[Brief]
Transcribe word for word the section of the records below that opens with the line containing "christmas notebook 120" and closes with the line containing "Lắp mạng FPT"; drop every picture.

[Data supplied]
________
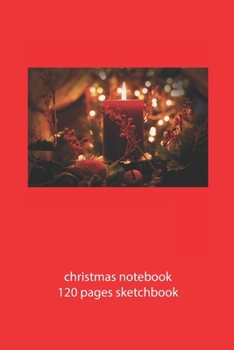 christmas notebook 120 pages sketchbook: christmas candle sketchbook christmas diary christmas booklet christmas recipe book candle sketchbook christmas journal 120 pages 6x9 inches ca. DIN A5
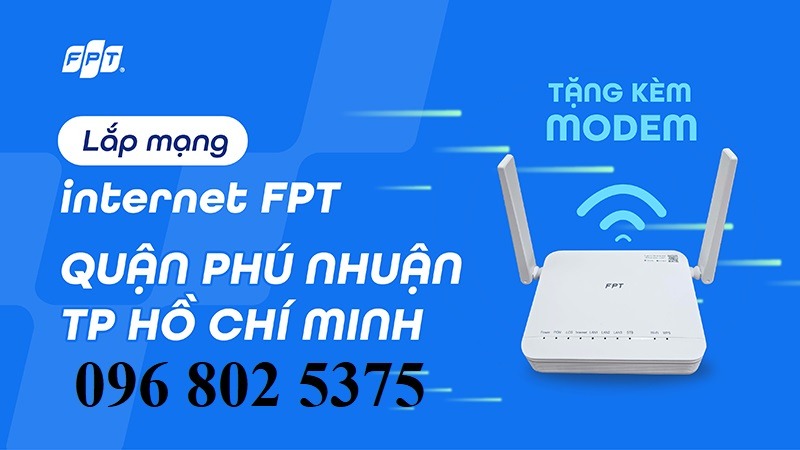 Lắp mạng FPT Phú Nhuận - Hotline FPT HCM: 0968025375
________
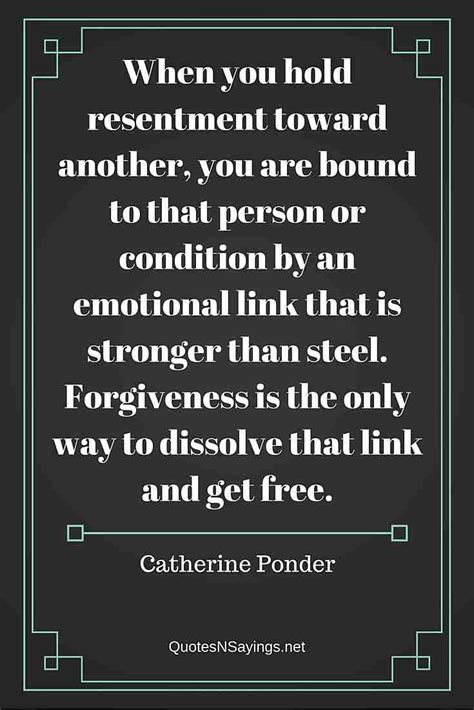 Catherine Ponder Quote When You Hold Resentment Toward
________
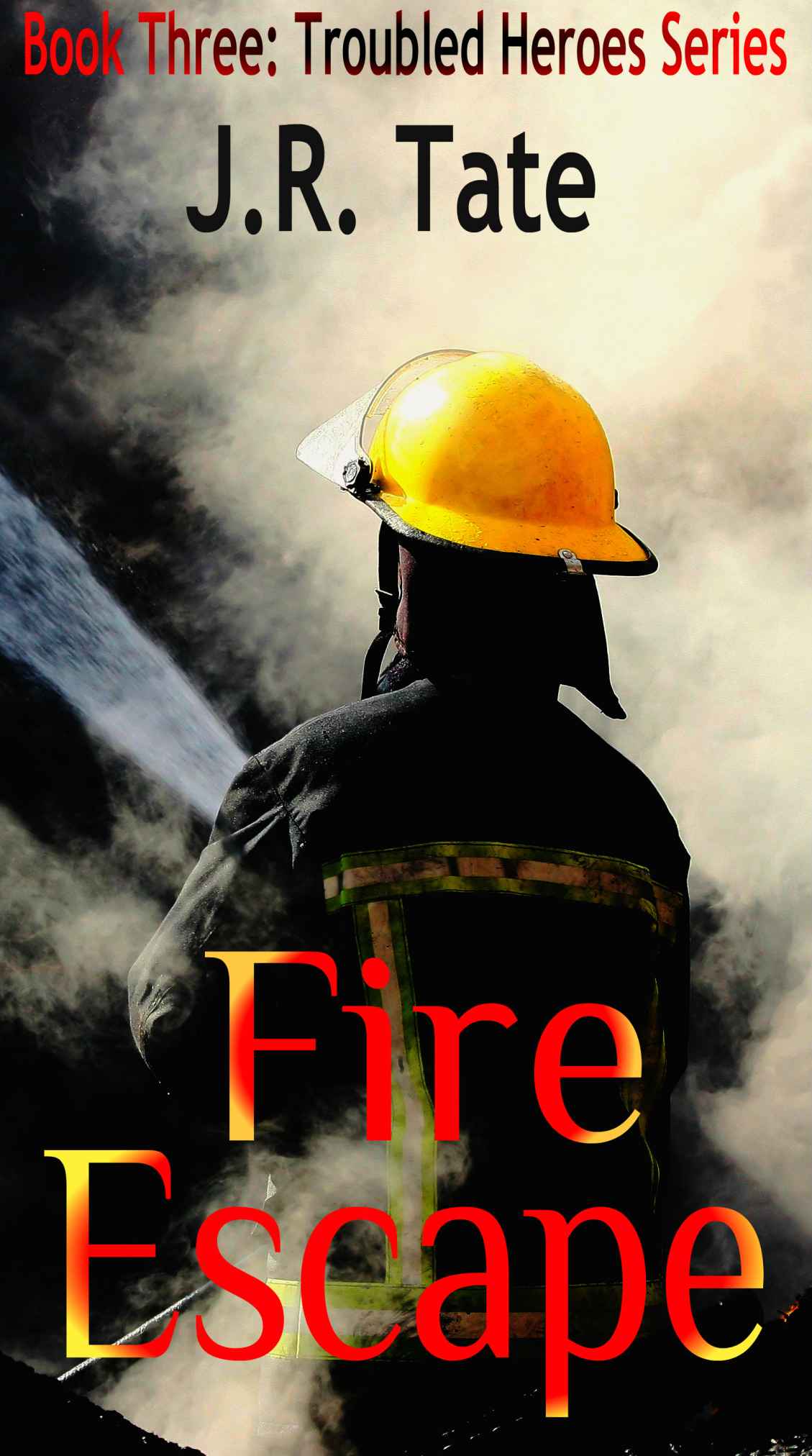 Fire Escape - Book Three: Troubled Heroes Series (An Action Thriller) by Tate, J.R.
________
[Exercise response]
 christmas notebook 120 pages sketchbook: christmas candle sketchbook christmas diary christmas booklet christmas recipe book candle sketchbook christmas journal 120 pages 6x9 inches ca. DIN A5
 Lắp mạng FPT Phú Nhuận - Hotline FPT HCM: 0968025375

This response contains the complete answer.